──────── Material provided

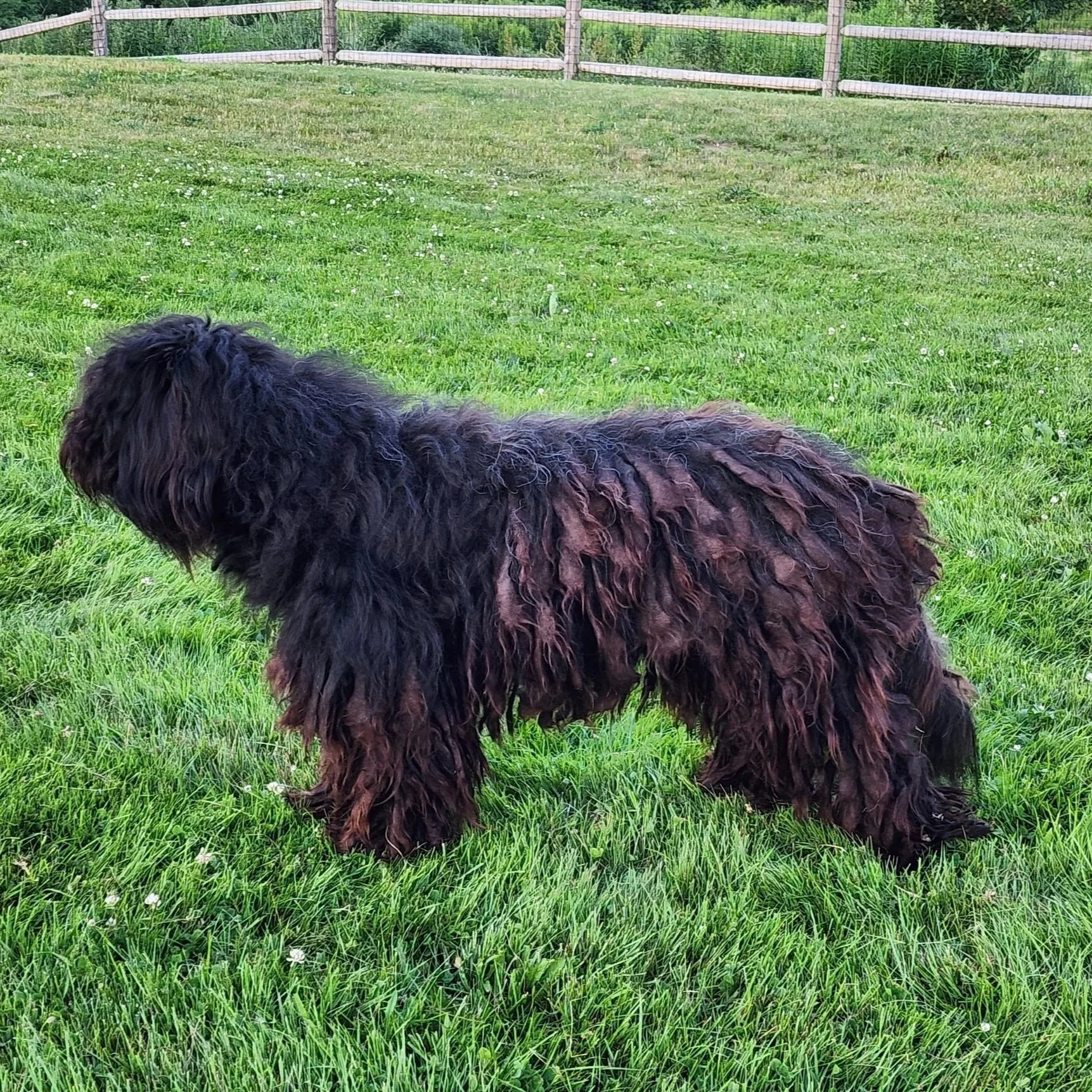 A black, long-haired dog sitting on grass near dried plants in a rural area.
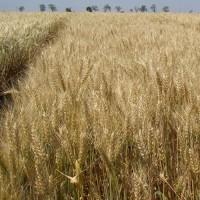 Продам насіння озимоі пшениці сорт Пандія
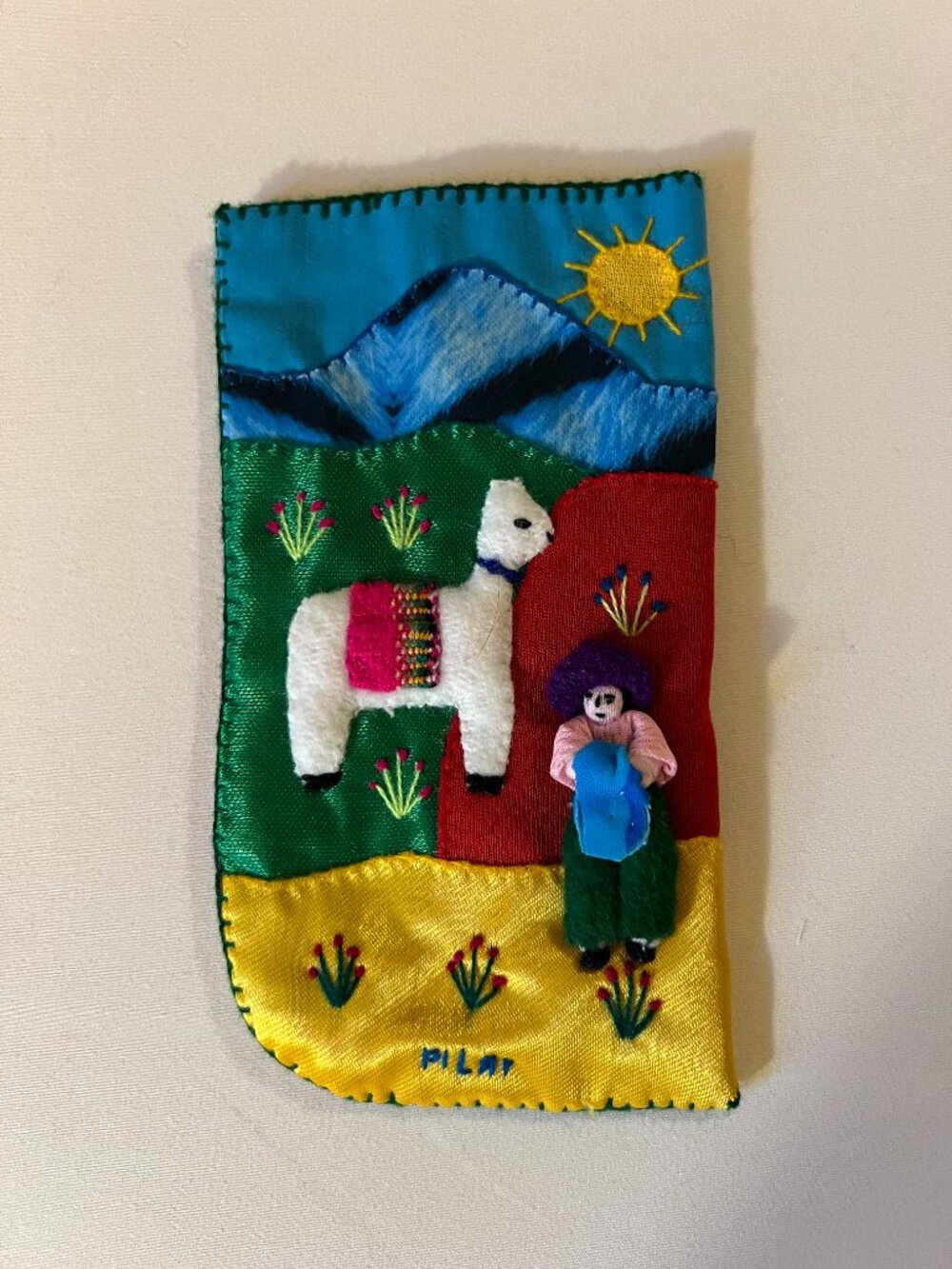 Eye glass case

────────────────

Would you print all of the material exactly as written, minus the pictures?

Answer space:
 A black, long-haired dog sitting on grass near dried plants in a rural area.
 Продам насіння озимоі пшениці сорт Пандія
 Eye glass case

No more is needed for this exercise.